GitHub Actions secrets are a "native CI" backend. Because the GitHub API never returns a secret's value, this store is asymmetric:

  • Write / list / delete go through the GitHub API and work anywhere a token is available.
  • Existence checks (atmos secret list) work everywhere — the API reports whether a secret is initialized (and when it was last updated) without exposing the value.
  • Reading a value only works inside a GitHub Actions runner, where GitHub injects the secret into the environment. Outside a runner the read fails with a clear error; gate it with ci.enabled for non-runner contexts.
atmos.yaml
stores:
gha:
kind: github/actions # or type: github-actions
secret: true # implied: GitHub Actions is a secret backend by default
options:
owner: acme # required: repository owner (org or user)
repo: infra # required: repository name
# Optional: target environment-level secrets instead of repository secrets
environment: production
# Optional: name prefix applied before the key (key db_password → ATMOS_DB_PASSWORD)
prefix: atmos
# Optional: explicit token; defaults to ATMOS_GITHUB_TOKEN / GITHUB_TOKEN
token: !env ATMOS_GITHUB_TOKEN
# Optional: allow value reads outside a runner (default: auto-detected via GITHUB_ACTIONS)
ci:
enabled: false

Secret names are flat and repo-global: a key is written as [PREFIX_]KEY uppercased (e.g. db_passwordDB_PASSWORD), so the same key resolves to the same GitHub secret across stacks and components. To read a value inside a workflow, map the secret into the job environment under the same name so the env-based read can find it:

# .github/workflows/deploy.yml
jobs:
deploy:
env:
DB_PASSWORD: ${{ secrets.DB_PASSWORD }}
steps:
- run: atmos terraform apply vpc -s prod # !secret resolves DB_PASSWORD from the env

The token is resolved from the token option, then ATMOS_PRO_GITHUB_TOKEN, ATMOS_GITHUB_TOKEN, and GITHUB_TOKEN (in that order).
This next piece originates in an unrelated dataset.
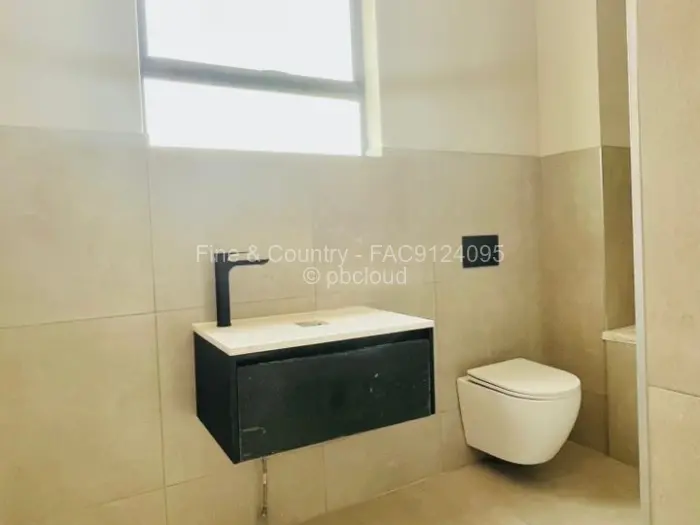 5 Bedroom House for Sale in Highlands, Harare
Only api.github.com is targeted; GitHub Enterprise Server is not yet supported.

Alignment warnings

When a value is read inside a runner, Atmos emits warnings (never errors) if the runner's context doesn't match the store config, so misconfigurations surface early:

  • Repository mismatch — if GITHUB_REPOSITORY differs from the store's owner/repo, the injected secrets come from a different repository than the store targets.
  • Environment mismatch — GitHub doesn't expose the job's environment: name as a plain variable, but it is present in the GitHub Actions OIDC token (environment claim). When the store has environment: set, Atmos best-effort mints and decodes that token to verify the job is actually running in the matching environment. This requires the job to grant permissions: id-token: write; without it, the check is skipped silently.
jobs:
deploy:
environment: production # binds the job to the environment
permissions:
id-token: write # lets Atmos verify the environment via OIDC
env:
DB_PASSWORD: ${{ secrets.DB_PASSWORD }}

Using Stores in Hooks

You can write values to stores using hooks:

components:
terraform:
vpc:
hooks:
store-outputs:
events:
- after.terraform.apply
command: store
name: prod/ssm
outputs:
vpc_id: .vpc_id
subnet_ids: .private_subnet_ids

This writes Terraform outputs to the configured store after apply completes. The output values starting with . reference Terraform output names.